» **TASK ITEM**: Would you reproduce the whole listing exactly, dropping any pictures it holds?

» **DATA EXTRACT**:
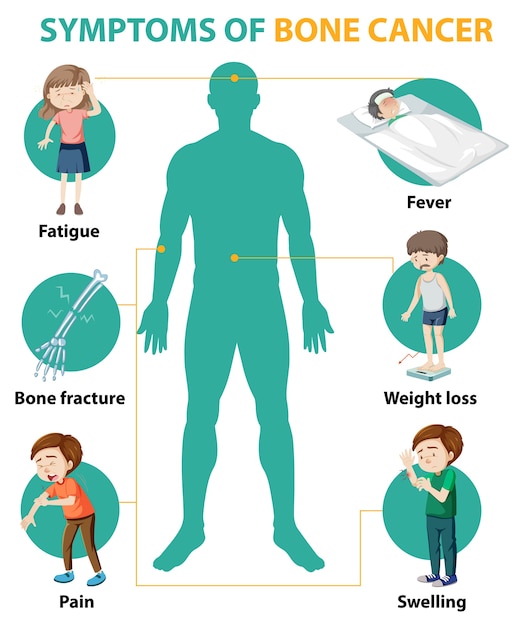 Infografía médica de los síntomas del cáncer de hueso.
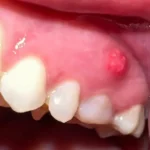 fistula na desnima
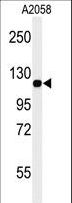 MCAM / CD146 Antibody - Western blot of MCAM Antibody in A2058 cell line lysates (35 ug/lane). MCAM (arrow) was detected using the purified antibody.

» **SOLUTION TO THE PROBLEM**:
 Infografía médica de los síntomas del cáncer de hueso.
 fistula na desnima
 MCAM / CD146 Antibody - Western blot of MCAM Antibody in A2058 cell line lysates (35 ug/lane). MCAM (arrow) was detected using the purified antibody.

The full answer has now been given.